**TASK TO CARRY OUT**: Retype the material that follows exactly, limited to the lines from the one with "Western blot analysis" through the one with "Metabolic Regulation by the Liver (16-6)", and keep out all pictures.

**SOURCE RECORDS**:
---
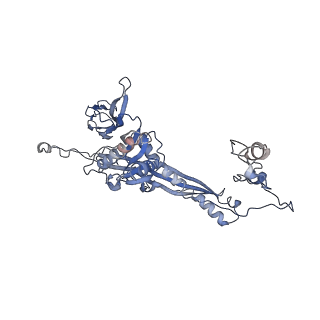 4681_6qz0_6V_v1-0
The cryo-EM structure of the head of the genome empited bacteriophage phi29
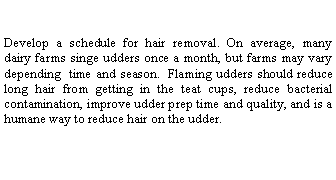 Text Box:    Develop a schedule for hair removal. On average, many dairy farms singe udders once a month, but farms may vary depending  time and season.  Flaming udders should reduce long hair from getting in the teat cups, reduce bacterial contamination, improve udder prep time and quality, and is a humane way to reduce hair on the udder.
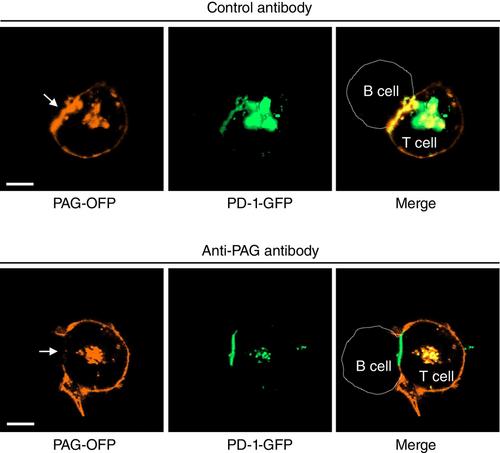 Changing the location of proteins on the cell surface is a promising strategy for modulating T cell functions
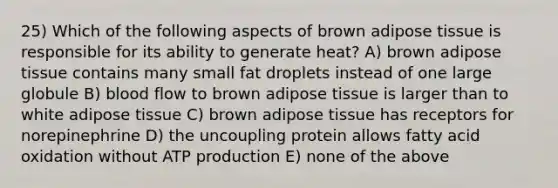 25) Which of the following aspects of brown adipose tissue is responsible for its ability to generate heat? A) brown adipose tissue contains many small fat droplets instead of one large globule B) blood flow to brown adipose tissue is larger than to white adipose tissue C) brown adipose tissue has receptors for norepinephrine D) the uncoupling protein allows fatty acid oxidation without ATP production E) none of the above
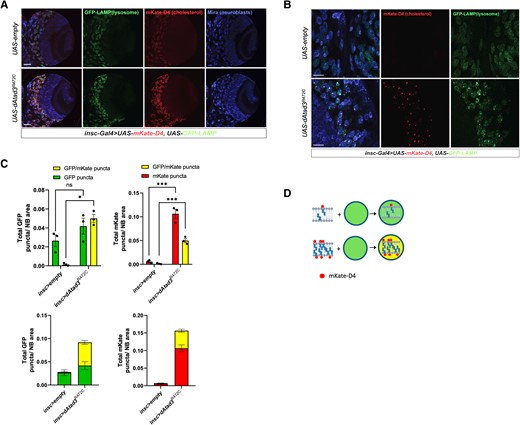 ATAD3A mutant neuroblasts show increased membrane-associated cholesterol together with increased lysosome content. (A and B) Confocal micrographs of Drosophila larval brain lobes carrying insc-Gal4 (neuroblast driver), UAS-GFP-LAMP and UAS-mKate-D4 together with UAS-empty (control), or UAS-dAtad3R472C at magnifications of ×20 (scale bar = 50 µm) and ×63 (scale bar = 20 µm), respectively. Neuroblasts are labelled Miranda (blue), GFP-LAMP (green) marks lysosomes, while mKate-D4 (red) marks cholesterol-containing membranes. (C) Top left: Quantification of GFP-LAMP puncta without (green) and with mKate-D4 (yellow) per neuroblast (NB) area, for UAS-empty (control) and dAtad3R472C expressed under neuroblast driver insc-Gal4. Differences between groups were analysed by unpaired, two-tailed Student’s t-test. Green fluorescent protein (GFP) dAtad3 versus GFP empty non-significant, P = 0.2149; GFP/mKate empty versus GFP/mKate dAtad3, *P = 0.0353. Below the total number of lysosomes in a single column (green + yellow) for UAS-empty (control) and dAtad3R472C. Top right: Quantification of mKate-D4 puncta without (red) and with GFP-LAMP (yellow) per neuroblast (NB) area, for UAS-empty (control) and dAtad3R472C expressed under neuroblast driver insc-Gal4. Differences between groups were analysed by unpaired, two-tailed Student’s t-test: mKate empty versus mKate dAtad3, ***P = 0.0005; GFP/mKate empty versus GFP/mKate dAtad3, ***P = 0.0004. (D) Schematic representation of the data: cholesterol in membranes is labelled red by mKate-D4, while GFP-LAMP stains lysosomes green; hence, mKate-D4 foci and lysosomes that co-localize appear yellow.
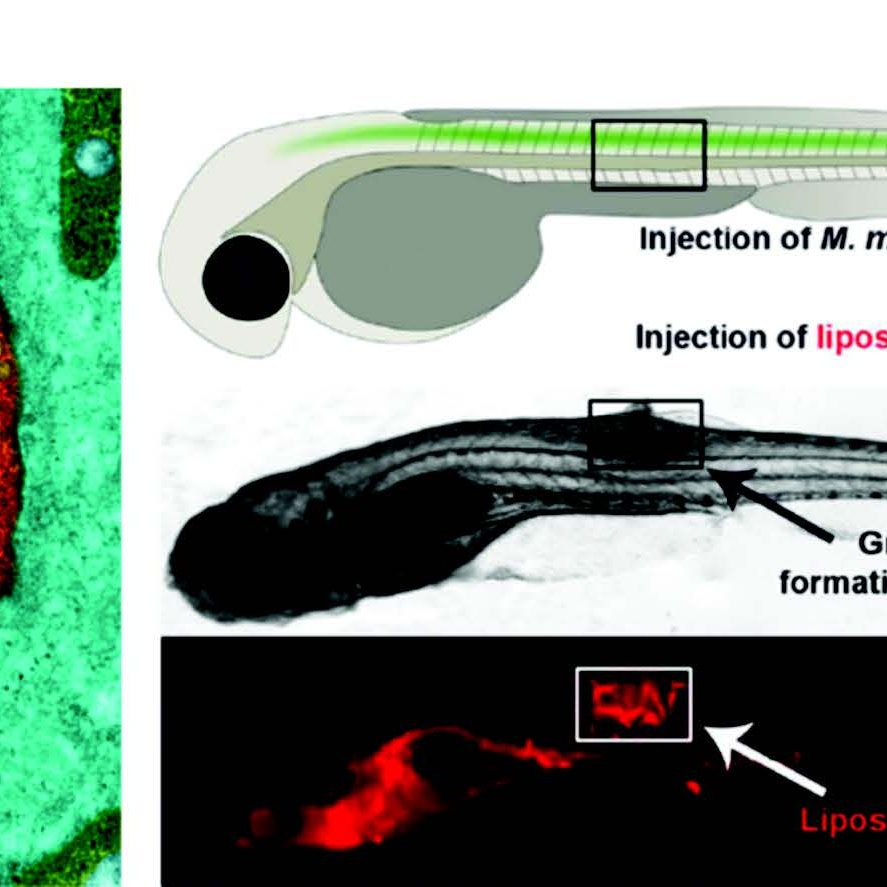 1610937821-Tumor Microenvironment-Specific Functional Nanomaterials for Biomedical Applications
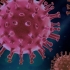 Coronavirus. Peste 10 mii de cazuri raportate în ultimele 24 de ore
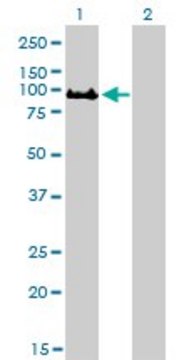 Monoclonal Anti-GOLGA5 antibody produced in mouse clone 6B3, purified immunoglobulin, buffered aqueous solution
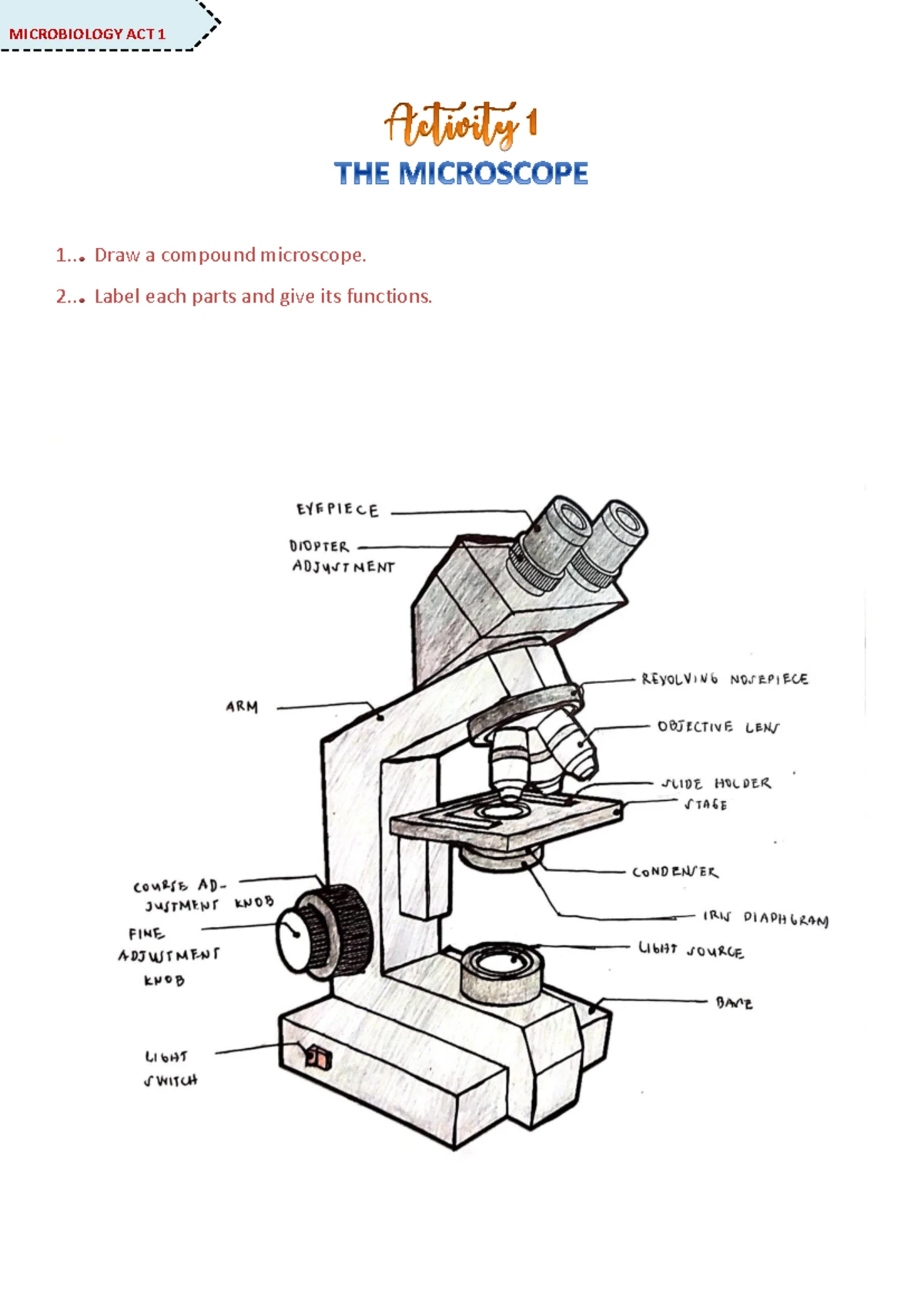 Bacterial Morphology Notes: Key Identification Techniques and Factors ...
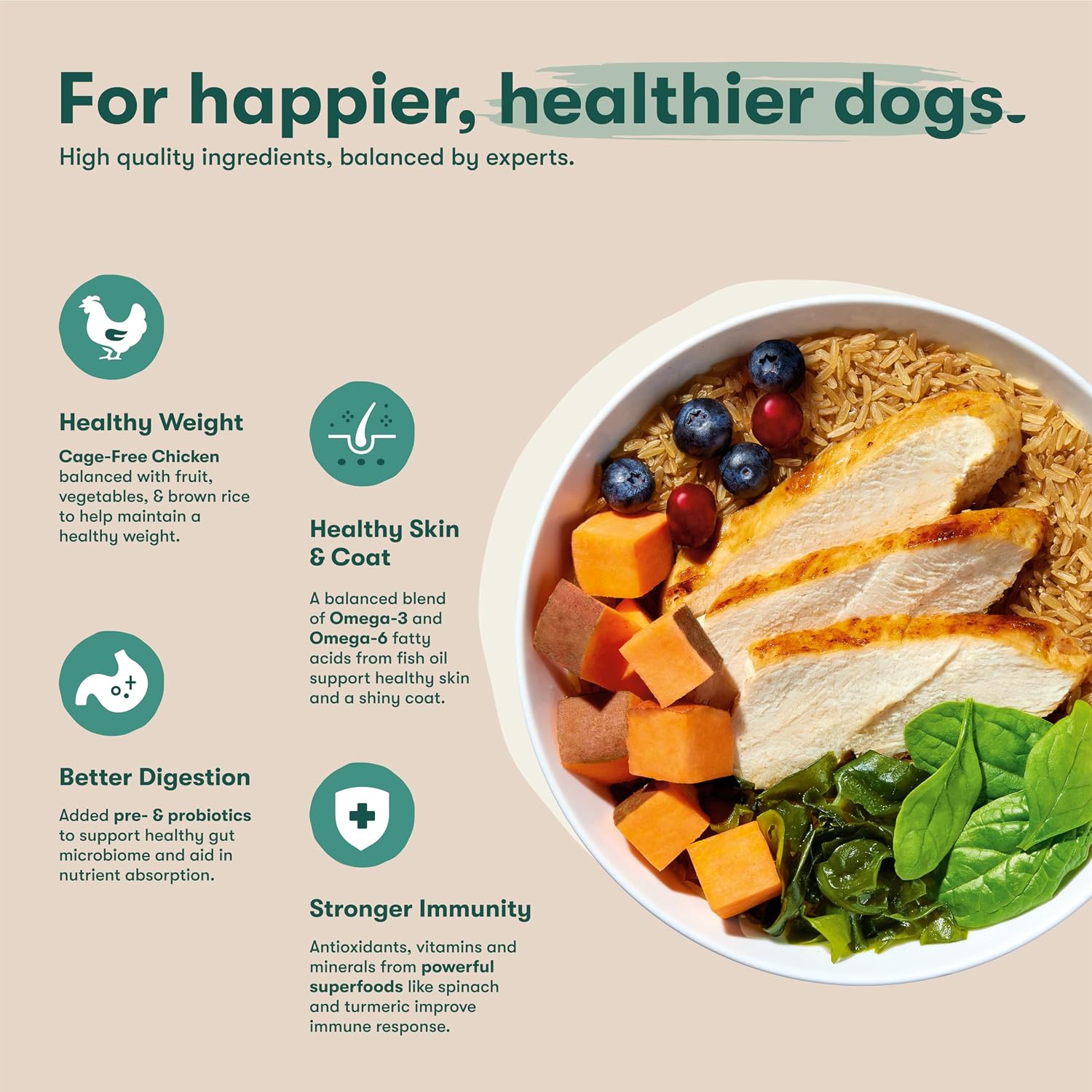Jinx Premium Puppy Dog Food- Real Chicken, Brown Rice & Sweet Potato, Puppy Food with DHA, Protein & Calcium for Brain Health - Probiotics for Digestive Support - No Fillers - 30lb, 30 Pound (Pack of 1), Chicken Puppy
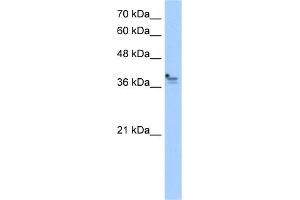 WB Suggested Anti-PCMTD1 Antibody Titration:  2. (PCMTD1 抗体  (Middle Region))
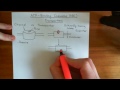 Transport Mechanisms in Cells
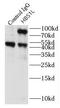 HBS1-like protein antibody, FNab03777, FineTest, Immunoprecipitation image 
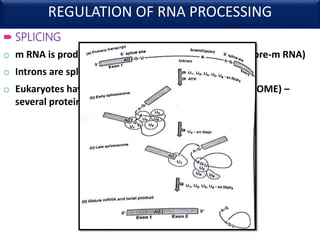 Regulation of gene expression in eukaryotes | PPTX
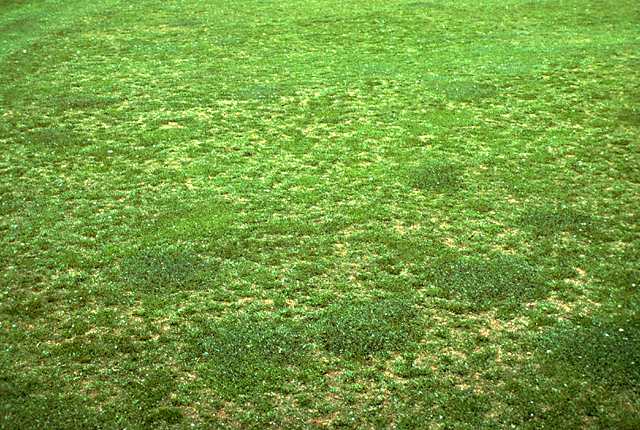 <p>Bacterial wilt microscopic signs</p>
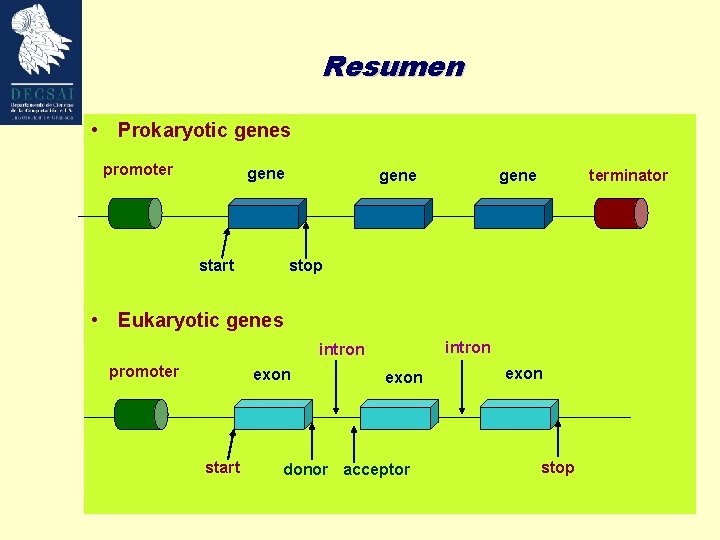 Resumen • Prokaryotic genes promoter gene start gene terminator stop • Eukaryotic genes intron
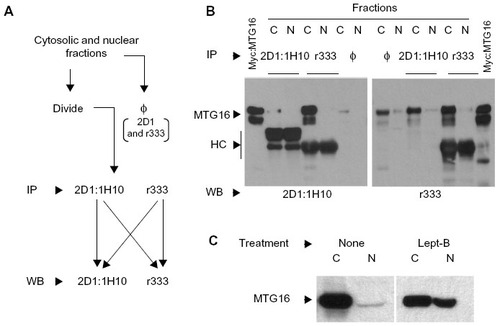 Figure 8 Confirming myeloid translocation gene (MTG) 16 subcellular distribution between cytoplasm and nucleus.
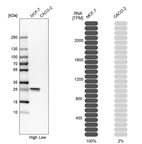 Western blot analysis in human cell lines MCF-7 and Caco-2 using Anti-HSPB1 antibody. Corresponding HSPB1 RNA-seq data are presented for the same cell lines. Loading control: Anti-GAPDH.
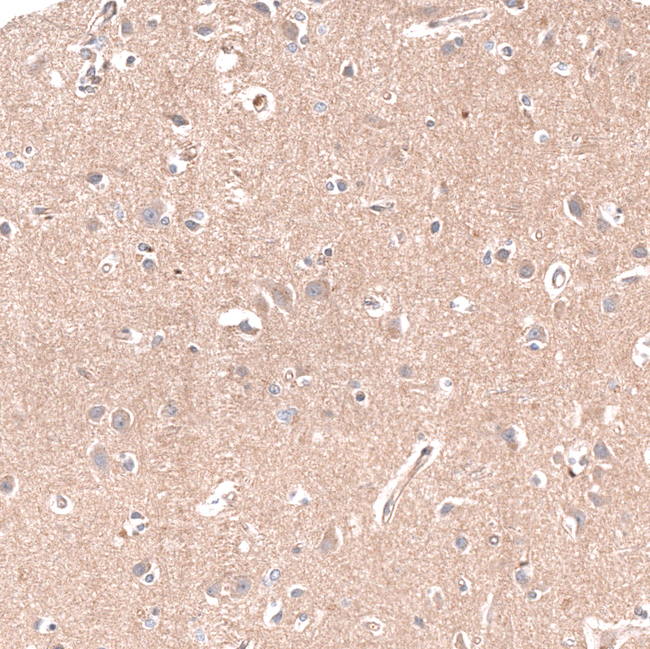 NKAIN4 Antibody in Immunohistochemistry (Paraffin) (IHC (P))
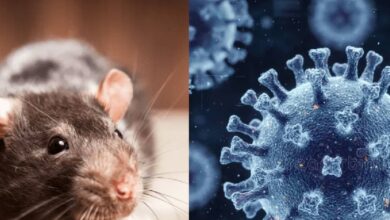 hantavirus organ failure| hantavirus symptoms| हंतावायरस से किडनी फेल का खतरा, डब्ल्यूएचओ ने जारी अलर्ट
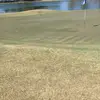 Gene Pickering - @gene.pickering - TikTok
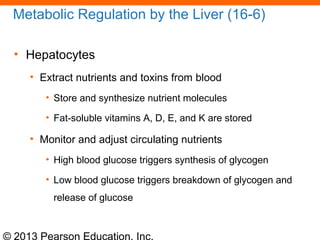 © 2013 Pearson Education, Inc.
Metabolic Regulation by the Liver (16-6)
• Hepatocytes
• Extract nutrients and toxins from blood
• Store and synthesize nutrient molecules
• Fat-soluble vitamins A, D, E, and K are stored
• Monitor and adjust circulating nutrients
• High blood glucose triggers synthesis of glycogen
• Low blood glucose triggers breakdown of glycogen and
release of glucose
 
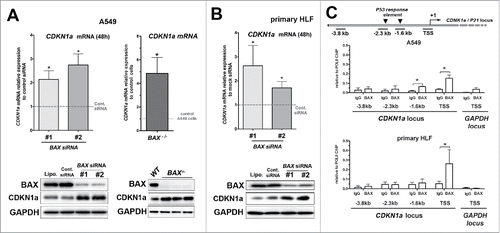 Figure 3. Upregulation of the cell cycle inhibitor CDKN1A upon BAX knock down in A549 and primary HLF. (A) Expression of CDKN1A mRNA by qPCR in A549 cells transfected for 48h with two different BAX siRNA compared to siRNA control (gray dash line, n = 6 experiments; left part) or in BAX-/− A549 cells compared to wild type A549 cells (gray dash line, n = 5; right part). In the left inside, representative immunoblot (n = 5) of BAX, CDKN1A protein level in A549 cells (treated with lipofectamine alone (Lipo), control siRNA (Cont siRNA) and two different BAX siRNA (#1 and #2). In the right inside, representative immunoblot confirming the absence of BAX protein and the upregulation of CDKN1A protein level in three independent BAX−/− A549 clones compared to control / wild type (WT) A549 cells. GAPDH was used as loading control. (*p < 0.05, Wilcoxon rank t-Test). (B) Expression of CDKN1A mRNA by qPCR in primary HLF transfected for 48h with two different BAX siRNA compared to siRNA control (gray dash line, n = 6 experiments). Representative immunoblot (n = 5) of BAX, CDKN1Aprotein level (lower part) in primary HLF treated with lipofectamine alone (Lipo), control siRNA (Cont siRNA) and two different BAX siRNA (#1 and #2). GAPDH was used as loading control. (*p < 0.05, Wilcoxon rank t-Test). (C) Schematic diagram of the CDKN1A locus showing PCR amplified fragments. A region encompassing CDKN1A transcription starting sites (TSS) was amplified. The −2.3 kb and −1.6 kb sites are two P53 upstream response elements at CDKN1A promoters. The −3.8 kb upstream non-specific site was used as a negative control site. ChIP analysis for recruitment of BAX at the CDKN1A promoter in A549 cells (n = 3) and primary lung fibroblasts (n = 4) was performed as described in materials and methods. For each condition, an unrelated control IgG was used as negative control. Note that BAX binding was specifically enriched at the vicinity of CDKN1A TSS in both cell types. (*p < 0.05, paired t-Test).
---
**WRITTEN RESPONSE**:
 Western blot analysis in human cell lines MCF-7 and Caco-2 using Anti-HSPB1 antibody. Corresponding HSPB1 RNA-seq data are presented for the same cell lines. Loading control: Anti-GAPDH.
 NKAIN4 Antibody in Immunohistochemistry (Paraffin) (IHC (P))
 hantavirus organ failure| hantavirus symptoms| हंतावायरस से किडनी फेल का खतरा, डब्ल्यूएचओ ने जारी अलर्ट
 Gene Pickering - @gene.pickering - TikTok
 © 2013 Pearson Education, Inc.
Metabolic Regulation by the Liver (16-6)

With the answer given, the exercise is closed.